Linda Metcalf, Teaching Toward Solutions, Crown House Publishing, £19.99; Sam. M Intrator, Tuned in and Fired Up, Yale University Press, £15.95
There’s something of a flurry of education books by American authors at the moment. You can spot them because they flash their educational credentials so brazenly. This first book is by Linda Metcalf, PhD, a school counsellor and coordinator for safe and drug-free schools in Texas.
If England and America are divided by a common language, it affects our classroom practice too. I can’t imagine many teachers addressing their students with: “Guys, good practice at football today” and “Wow, I can’t believe your performance today”.

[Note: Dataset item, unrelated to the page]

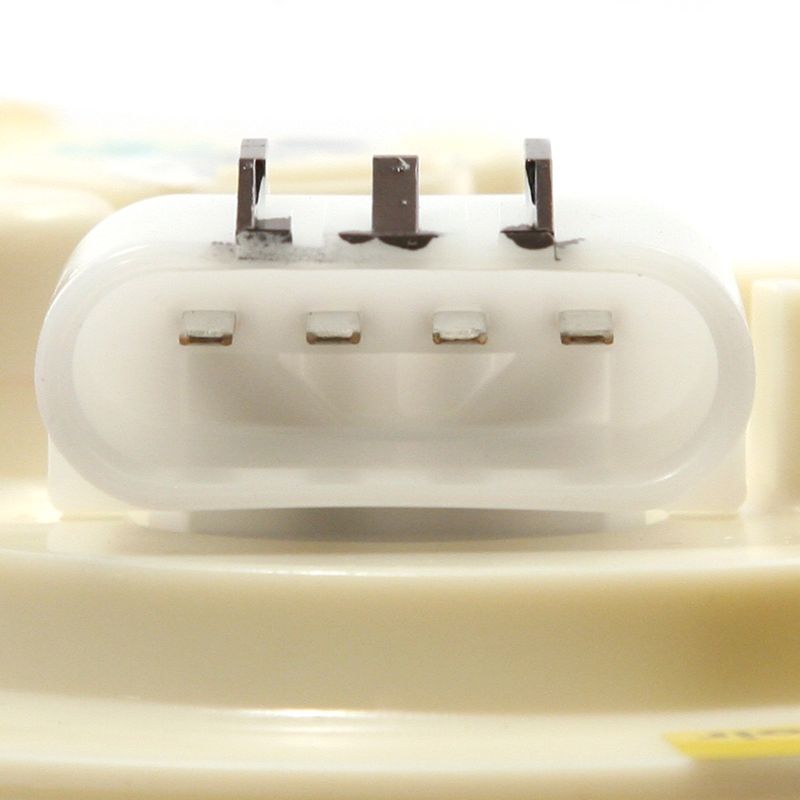 Close-up of a white electronic component on a beige background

Yet Linda Metcalf PhD has an important central point. Her premise is that we often talk to students in a negative way. We say things like “Sue, you have the ability, you just need to apply yourself”. Instead of adopting this problem-orinetated approach, she suggests that we should take a “solution-focused motivational approach”. This means thinking of our students’ goals and envisaging the future as we want it to be: “Sue, I realise that you have passed four out of the last six tests. When you put your mind to it, you are certainly successful”.
She illustrates her point convincingly and provides many useful templates for re-shaping students’ behaviour. But however good the idealism, the tone is alien, and it is hard to fathom publishers who think that an American import like this will translate without adjustment to the UK market.
Sam M Intrator’s Tined in & Fired Up reminds me of a host of education books published in the 1960s. Then the vista of education revealed limitless opportunity and writers like David Holbrook wrote about personal growth, maturity, and creativity. It was genuinely liberating stuff. This book also has a similarly worthy aim: to pin down those apparently indefinable moments in the classroom when a teacher inspires her or his students.
The author uses a number of case-studies. For example, Mr Quinn takes his class to the school field to write about nature. He creates a classroom rich in displays and colour. He plays music when students are writing their reading journals.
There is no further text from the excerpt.